François Ozon began his film-making profession in 2000 with an adaptation of an unproduced stage play by Rainer Werner Fassbinder, Water Drops on Burning Rocks. Now, to open this 12 months’s Berlin movie pageant, he has returned to the darkish grasp of New German Cinema with a gender-switched model of Fassbinder’s 1972 movie The Bitter Tears of Petra von Kant, that unusual, angular, claustrophobic drama through which solely ladies seem on display screen.
Fassbinder’s movie is ready totally within the residence of a designer who has an emotionally abusive relationship along with her live-in assistant, after which conceives a mad and despairing love for a lovely younger girl who overtly cheats on her. Ozon makes a few of these characters males, however solely a few of them. We now have to hope he doesn’t get the type of grief that Paul Feig acquired for his all-female Ghostbusters, from Fassbinder followers claiming he has trashed their childhoods.

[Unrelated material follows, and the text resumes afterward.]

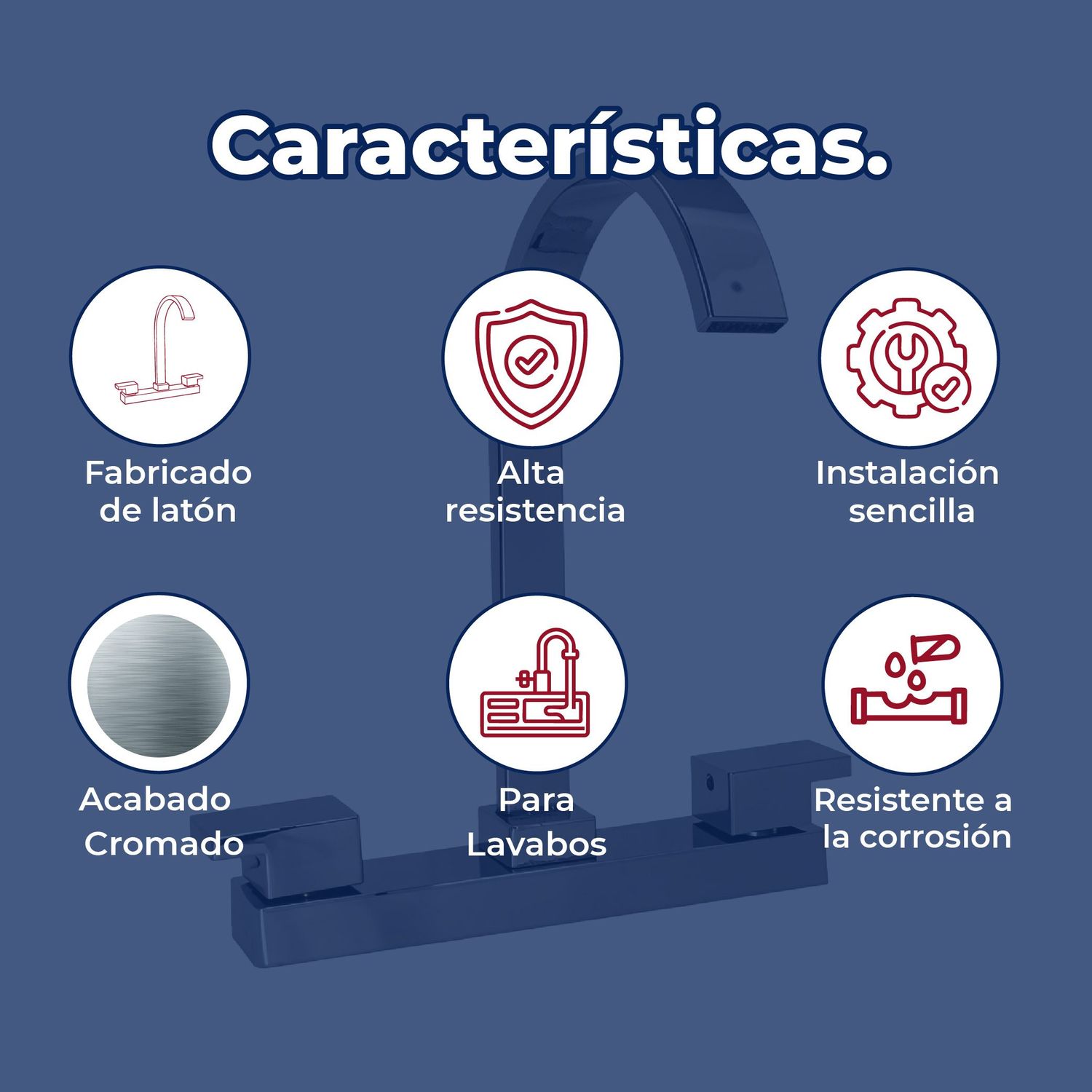 Llave Mezcladora al Piso Para Fregadero 8" Con Cubierta Rugo 8MF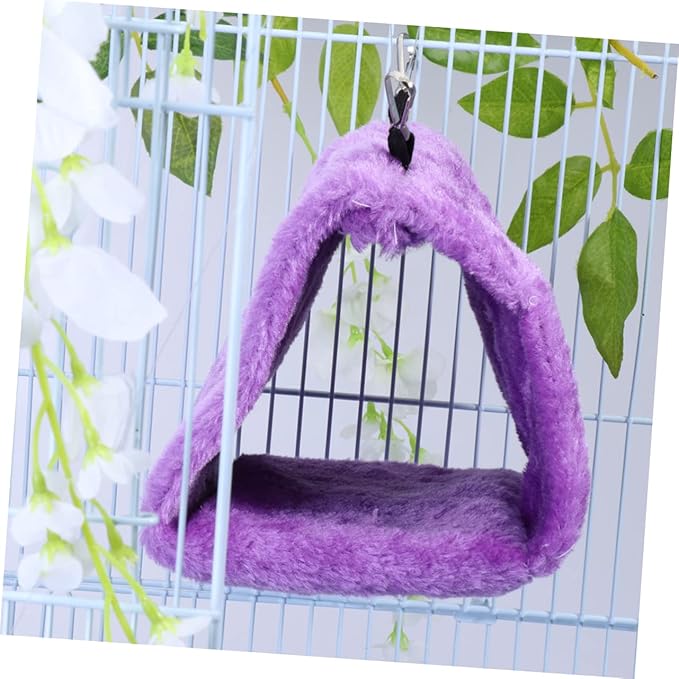 WOONEKY Adorable Plush Parrot Hammock Bed Warm Hanging Hut for Bird Cage Material Encourages Exercise and Coordination for Home Use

Ozon has eliminated the bitter tears from the title and in addition the movie itself. For all of the histrionics, it is a lot extra genial, campy and comedian than Fassbinder’s gaunt ordeal. And that’s all the way down to it being (largely) male. The feminine fashionista is now a male film director, Peter von Kant, boisterously performed by Denis Ménochet – with hints that he’s form of imagined to be Fassbinder himself, although Fassbinder was so much harder and extra unsentimental than this man.
Peter has a deadpan houseboy-slash-amanuensis known as Karl (Stefan Crepon) who hilariously (versus tragically or erotically) is the intimate witness to all of the passionate confrontations between Peter and his lover. Petra’s bitchy feminine frenemy from the primary movie remains to be feminine: Sidonie, performed by Isabelle Adjani. Additionally nonetheless feminine is Peter’s teen daughter, residence from boarding faculty, performed by Aminthe Audiard (grandniece of Jacques). Her pert presence is what makes this (like Water Drops on Burning Rocks) resemble one thing by Noël Coward. Peter’s lovely, duplicitous lover Amin is performed by Khalil Ben Gharbia and Hanna Schygulla, who performed the lover function in 1972, has been introduced again to play Peter’s mom.
The dynamics are positively completely different now that there are each women and men on the display screen: it’s much less airless and crazed, though simply as theatrical and synthetic. Ozon typically offers his characters stagey entrances by framing them self-consciously in a doorway. Ozon’s chief coup on this film is making Peter a movie director, which means Peter may give Amin a display screen check then and there in his residence, throughout which he asks Amin about his dad and mom’ tragic loss of life because the digital camera is rolling and responds with the depth – half sadistic, half empathetic – of the killer in Peeping Tom. Each Ménochet and Gharbia are superb on this scene.
But there’s something lighter, nearly flippant and French-farcical about this new Von Kant: a person introduced low by l’amour, inviting from the viewers hardly greater than a cosmopolitan, sympathetic shrug.